Haderp

WordCount

####Source: hadoop-mapreduce-examples-2.5.0-cdh5.3.0-sources

####Deps:

2002_sou.txt

####Run:

Put unzipped files from Deps into an hdfs folder called wordcount_in

hdfs dfs -fs "hdfs://namenode" -mkdir wordcount_in
stdbuf -i0 -o0 -e0 unzip -p acite75_99.zip | hdfs dfs -fs "hdfs://namenode" -put - wordcount_in/acite75_99.txt
stdbuf -i0 -o0 -e0 unzip -p apat63_99.zip | hdfs dfs -fs "hdfs://namenode" -put - wordcount_in/apat63_99.txt

Run WordCount

hadoop jar experimental-jobs-1.0.jar job.WordCount -fs "hdfs://namenode" -D hadoop.job.ugi=peteyoung wordcount_in wordcount_out
# or
HADOOP_CLASSPATH=~/src/haderp/build/classes/main/job hadoop WordCount -fs "hdfs://namenode" -D hadoop.job.ugi=peteyoung wordcount_in wordcount_out

Run WordCount2

hadoop jar experimental-jobs-1.0.jar job.WordCount2 -fs "hdfs://namenode" -D hadoop.job.ugi=peteyoung wordcount_in wordcount2_out
# or
HADOOP_CLASSPATH=~/src/haderp/build/classes/main/job hadoop WordCount2 -fs "hdfs://namenode" -D hadoop.job.ugi=peteyoung wordcount_in wordcount2_out

Patent Jobs

####Source: Hadoop in Action 2nd Ed. Listing 4.1 and Section 4.3

####Deps:

curl -O http://www.nber.org/patents/acite75_99.zip
curl -O http://www.nber.org/patents/apat63_99.zip

####Setup:

Put unzipped files from Deps into hdfs folders

hdfs dfs -fs "hdfs://namenode" -mkdir patent_in
stdbuf -i0 -o0 -e0 unzip -p apat63_99.zip | hdfs dfs -fs "hdfs://namenode" -put - patent_in/apat63_99.txt

hdfs dfs -fs "hdfs://namenode" -mkdir patent_cite_in
stdbuf -i0 -o0 -e0 unzip -p acite75_99.zip | hdfs dfs -fs "hdfs://namenode" -put - patent_in/acite75_99.txt

####Run:

PatentCiters

hadoop jar experimental-jobs-1.0.jar job.PatentCiters -fs "hdfs://namenode" -D hadoop.job.ugi=peteyoung patent_cite_in patent_cite_out
# or
HADOOP_CLASSPATH=~/src/haderp/build/classes/main/job hadoop PatentCiters -fs "hdfs://namenode" -D hadoop.job.ugi=peteyoung patent_cite_in patent_cite_out

PatentCitationCount

hadoop jar experimental-jobs-1.0.jar job.PatentCitationCount -fs "hdfs://namenode" -D hadoop.job.ugi=peteyoung patent_cite_in patent_count_out
# or
HADOOP_CLASSPATH=~/src/haderp/build/classes/main/job hadoop PatentCitationCount -fs "hdfs://namenode" -D hadoop.job.ugi=peteyoung patent_cite_in patent_count_out

Setup dev environment

Since we're building against hadoop version 2.5.2, pull down the supported version of Java from Oracle. If you don't have an account at Oracle, you'll need to create one first.

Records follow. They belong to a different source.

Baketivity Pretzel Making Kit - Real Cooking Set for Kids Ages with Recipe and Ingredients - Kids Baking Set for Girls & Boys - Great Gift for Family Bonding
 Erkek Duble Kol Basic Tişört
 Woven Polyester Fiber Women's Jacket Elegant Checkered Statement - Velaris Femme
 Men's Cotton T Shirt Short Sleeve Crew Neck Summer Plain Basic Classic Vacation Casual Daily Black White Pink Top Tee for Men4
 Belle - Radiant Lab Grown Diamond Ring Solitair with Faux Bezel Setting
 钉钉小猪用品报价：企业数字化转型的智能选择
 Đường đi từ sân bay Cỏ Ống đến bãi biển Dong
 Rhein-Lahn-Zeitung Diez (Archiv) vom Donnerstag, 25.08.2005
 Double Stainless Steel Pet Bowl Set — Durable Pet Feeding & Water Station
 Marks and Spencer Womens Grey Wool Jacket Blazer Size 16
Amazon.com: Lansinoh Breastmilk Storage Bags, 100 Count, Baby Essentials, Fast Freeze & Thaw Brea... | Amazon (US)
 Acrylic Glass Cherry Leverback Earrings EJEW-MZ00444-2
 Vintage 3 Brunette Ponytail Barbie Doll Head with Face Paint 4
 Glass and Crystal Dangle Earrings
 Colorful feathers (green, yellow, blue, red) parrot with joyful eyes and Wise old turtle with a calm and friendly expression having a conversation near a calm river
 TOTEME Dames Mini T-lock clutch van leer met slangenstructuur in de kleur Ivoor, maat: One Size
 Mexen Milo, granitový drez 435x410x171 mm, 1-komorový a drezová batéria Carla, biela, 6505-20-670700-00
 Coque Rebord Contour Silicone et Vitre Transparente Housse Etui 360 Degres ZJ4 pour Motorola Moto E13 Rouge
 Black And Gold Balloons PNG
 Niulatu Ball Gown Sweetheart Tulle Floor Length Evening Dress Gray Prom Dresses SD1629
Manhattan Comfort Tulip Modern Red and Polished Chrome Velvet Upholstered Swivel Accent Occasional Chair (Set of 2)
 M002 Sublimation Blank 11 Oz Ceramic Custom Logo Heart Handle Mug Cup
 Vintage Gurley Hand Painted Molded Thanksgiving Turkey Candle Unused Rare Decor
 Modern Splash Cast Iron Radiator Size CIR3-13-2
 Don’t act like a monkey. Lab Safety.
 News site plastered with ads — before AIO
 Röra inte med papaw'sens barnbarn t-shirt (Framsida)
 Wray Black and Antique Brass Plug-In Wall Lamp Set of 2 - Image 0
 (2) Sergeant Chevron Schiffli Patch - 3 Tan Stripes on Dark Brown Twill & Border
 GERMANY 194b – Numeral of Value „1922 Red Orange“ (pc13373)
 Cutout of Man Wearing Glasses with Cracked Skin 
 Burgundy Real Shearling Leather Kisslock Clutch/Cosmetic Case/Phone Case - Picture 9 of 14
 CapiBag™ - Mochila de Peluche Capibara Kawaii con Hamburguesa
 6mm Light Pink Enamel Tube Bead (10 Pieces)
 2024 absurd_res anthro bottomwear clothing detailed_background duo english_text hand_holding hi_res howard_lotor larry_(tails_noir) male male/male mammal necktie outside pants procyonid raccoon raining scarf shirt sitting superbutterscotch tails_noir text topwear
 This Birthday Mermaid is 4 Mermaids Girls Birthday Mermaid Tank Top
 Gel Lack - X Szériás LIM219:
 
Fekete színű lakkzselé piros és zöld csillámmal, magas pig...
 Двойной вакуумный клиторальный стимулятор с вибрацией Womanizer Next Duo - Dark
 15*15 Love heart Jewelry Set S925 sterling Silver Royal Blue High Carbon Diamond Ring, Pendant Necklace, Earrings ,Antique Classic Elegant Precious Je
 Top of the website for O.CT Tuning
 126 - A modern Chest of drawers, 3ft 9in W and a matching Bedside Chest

Log into Oracle's site and download this JDK installer
Install Java JDK from the downloaded package file
Add the following to your .bashrc

export JAVA_HOME=$(/usr/libexec/java_home -v 1.7*)

sudo mkdir /opt/gradle
cd /opt/gradle
Download gradle from here to /opt/gradle. The version used here is 2.2.1
sudo unzip gradle-2.2.1-all.zip
ln -s gradle-2.2.1/ current
Add the following to your .bashrc

export GRADLE_HOME=/opt/gradle/current
PATH=$PATH:$GRADLE_HOME/bin
export PATH

Setup a local hadoop instance

You'll need this to be able to run jobs against the cluster. It will give you the hadoop and hdfs commands at the command line.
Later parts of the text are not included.